__WHAT NEEDS TO BE DONE__.
Any pictures in the records below must be left out when you repeat the lines from the line containing "Okay, to get" through the line containing "But anyway, all" exactly.

__EXCERPTED RECORDS__.
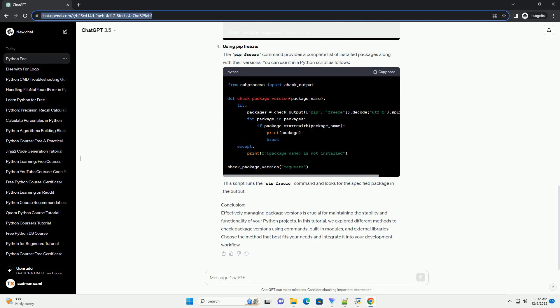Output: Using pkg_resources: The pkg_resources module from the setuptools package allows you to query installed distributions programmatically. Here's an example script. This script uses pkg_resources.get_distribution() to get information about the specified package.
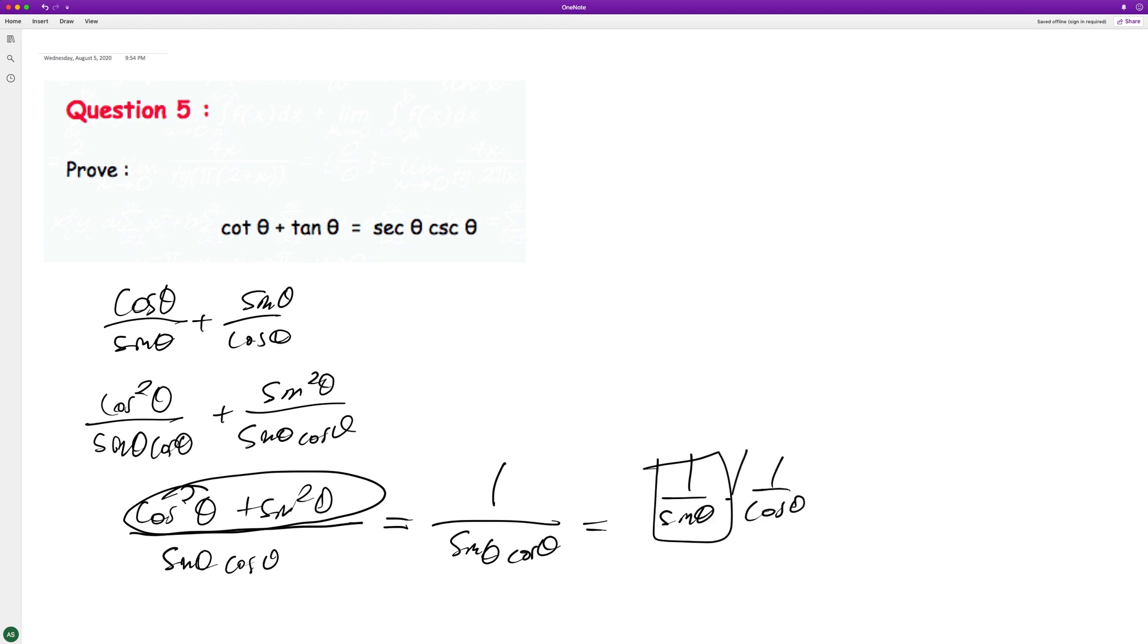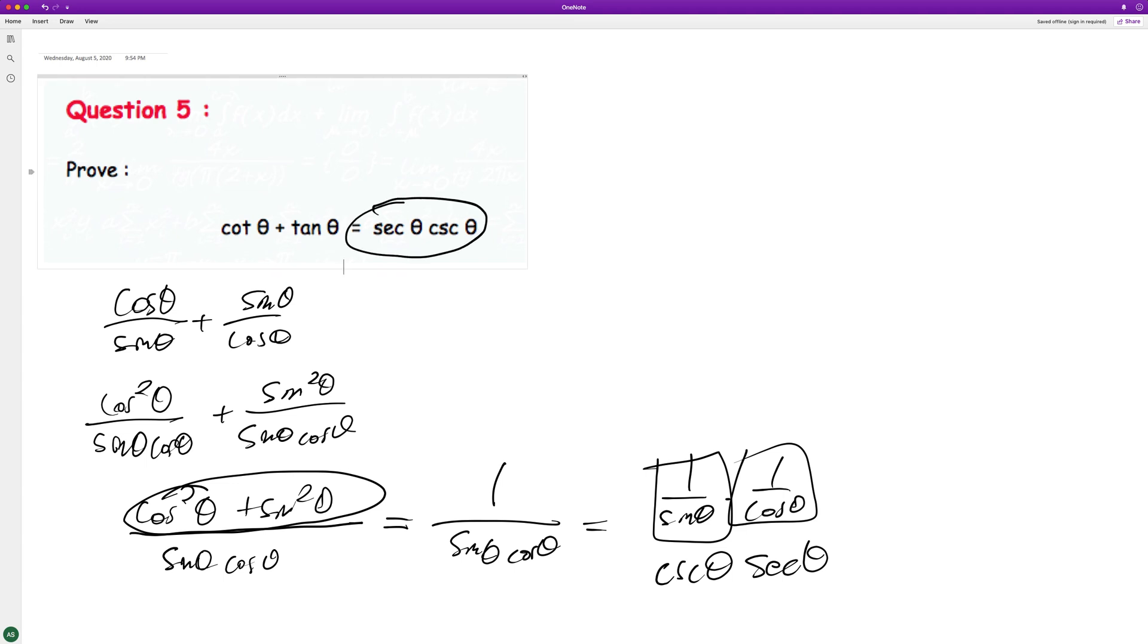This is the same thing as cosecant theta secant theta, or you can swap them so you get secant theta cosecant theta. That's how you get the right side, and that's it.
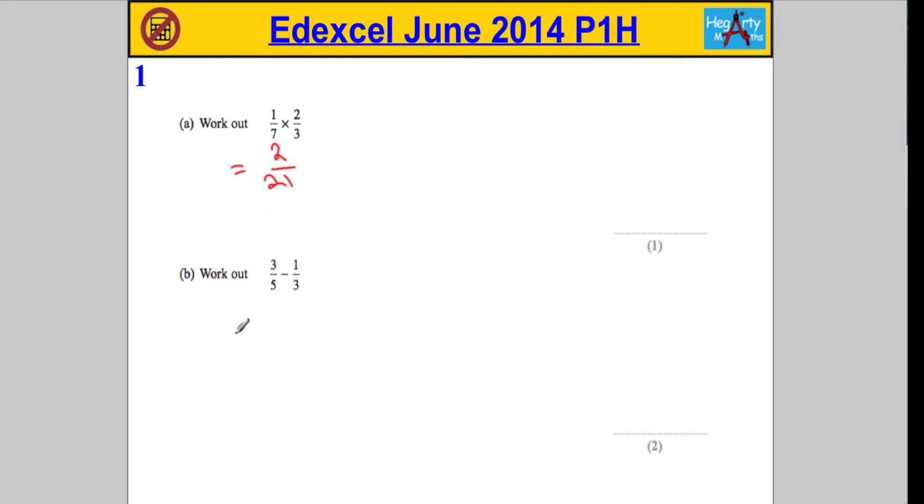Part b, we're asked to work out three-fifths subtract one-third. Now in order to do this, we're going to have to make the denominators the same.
==
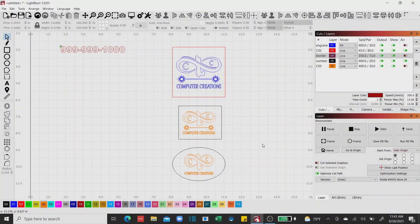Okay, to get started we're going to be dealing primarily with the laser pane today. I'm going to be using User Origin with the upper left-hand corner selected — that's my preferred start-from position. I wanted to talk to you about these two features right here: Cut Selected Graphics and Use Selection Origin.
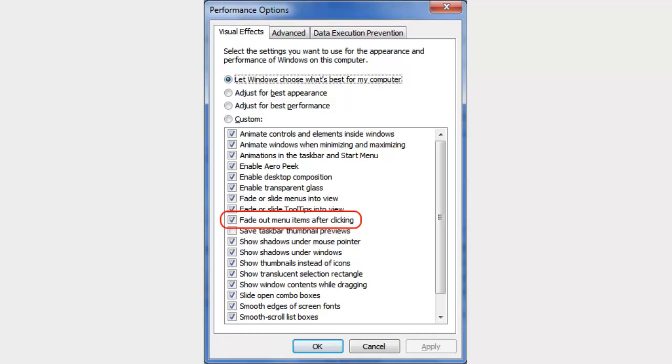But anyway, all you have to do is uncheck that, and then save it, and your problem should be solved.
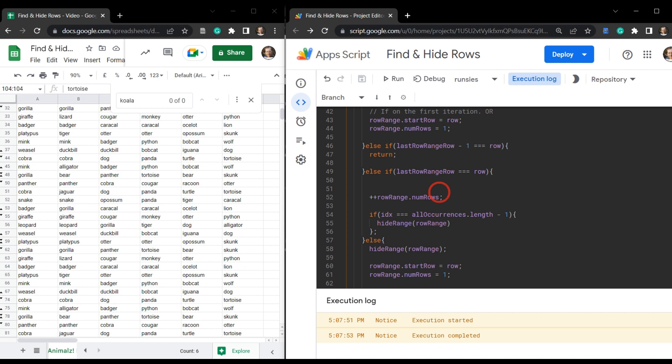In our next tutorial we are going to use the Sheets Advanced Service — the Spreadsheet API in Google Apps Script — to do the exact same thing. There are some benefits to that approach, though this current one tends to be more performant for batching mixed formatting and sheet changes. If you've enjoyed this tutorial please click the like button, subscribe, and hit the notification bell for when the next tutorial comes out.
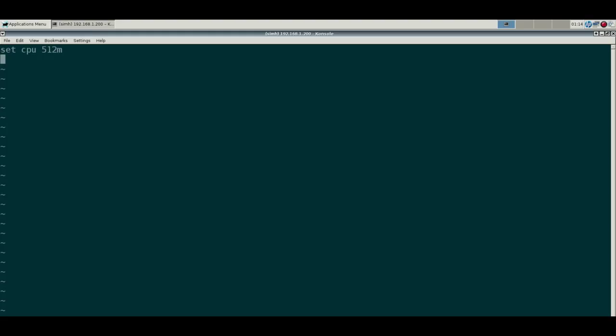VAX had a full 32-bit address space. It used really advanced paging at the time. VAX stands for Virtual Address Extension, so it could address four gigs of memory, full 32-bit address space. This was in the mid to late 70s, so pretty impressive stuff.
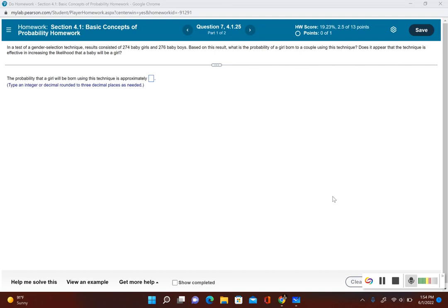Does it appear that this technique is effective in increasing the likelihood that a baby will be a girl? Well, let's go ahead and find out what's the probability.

__SOLUTION FOR THIS PROBLEM__.
Okay, to get started we're going to be dealing primarily with the laser pane today. I'm going to be using User Origin with the upper left-hand corner selected — that's my preferred start-from position. I wanted to talk to you about these two features right here: Cut Selected Graphics and Use Selection Origin.
But anyway, all you have to do is uncheck that, and then save it, and your problem should be solved.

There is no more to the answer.